__YOUR ASSIGNMENT__
The expected output is an exact copy of the lines from the one containing "Beautiful Yellow Floral Shirt 💛💐" to the final line below, minus any pictures.

__DATA BLOCK__
----
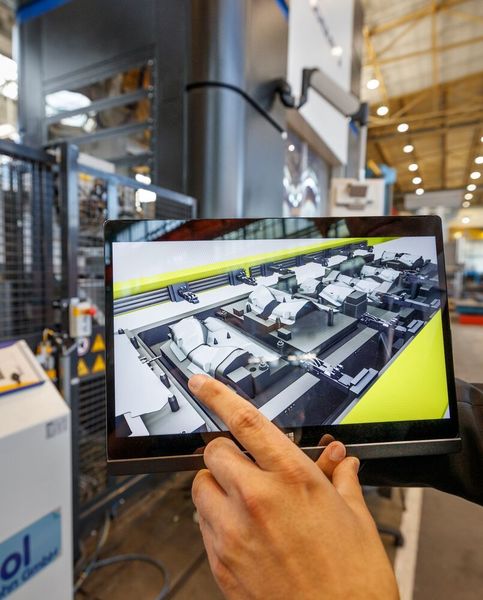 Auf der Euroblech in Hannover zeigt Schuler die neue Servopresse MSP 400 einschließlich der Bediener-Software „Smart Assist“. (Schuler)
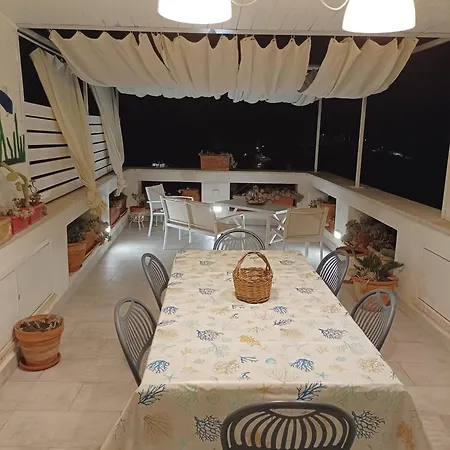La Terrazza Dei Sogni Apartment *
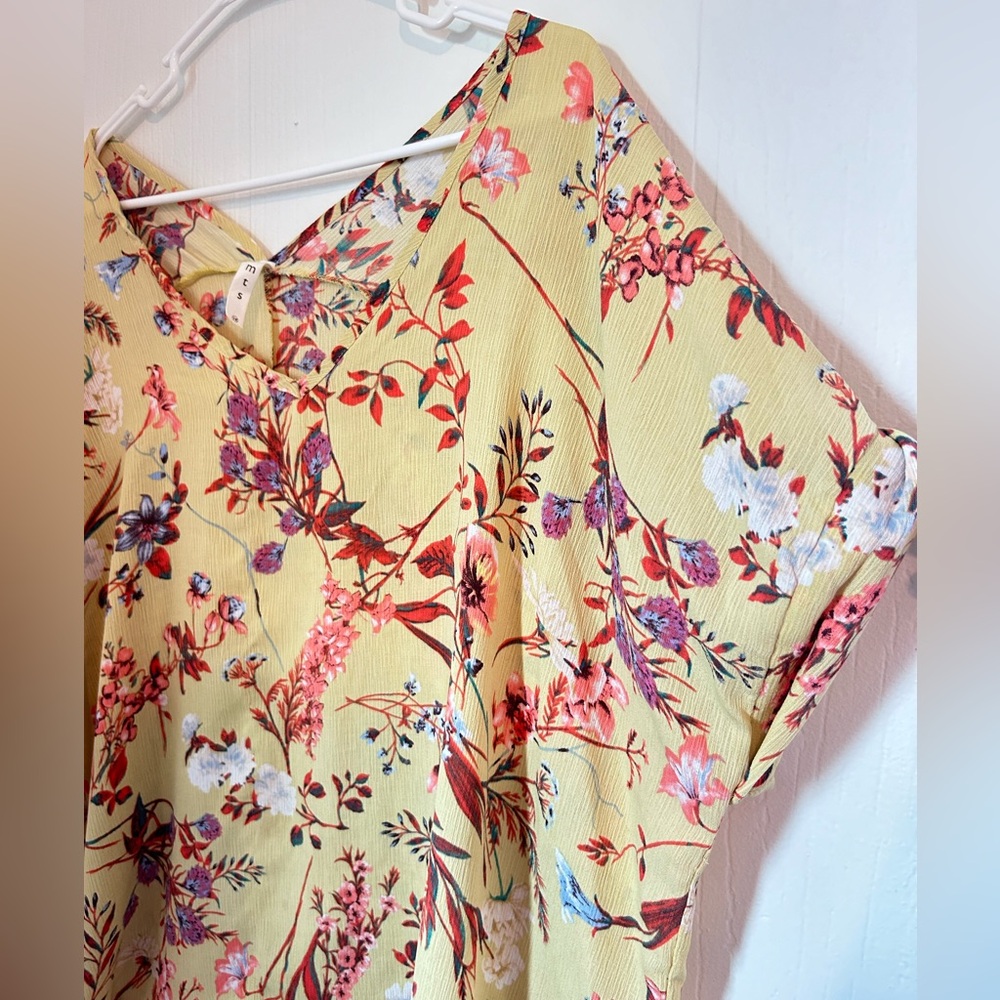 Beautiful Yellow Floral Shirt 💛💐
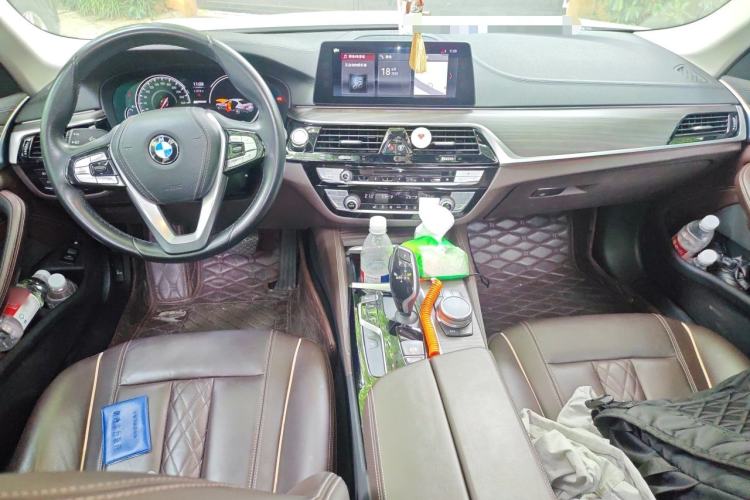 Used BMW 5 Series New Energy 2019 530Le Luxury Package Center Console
----
__ANSWER BOX__
 Beautiful Yellow Floral Shirt 💛💐
 Used BMW 5 Series New Energy 2019 530Le Luxury Package Center Console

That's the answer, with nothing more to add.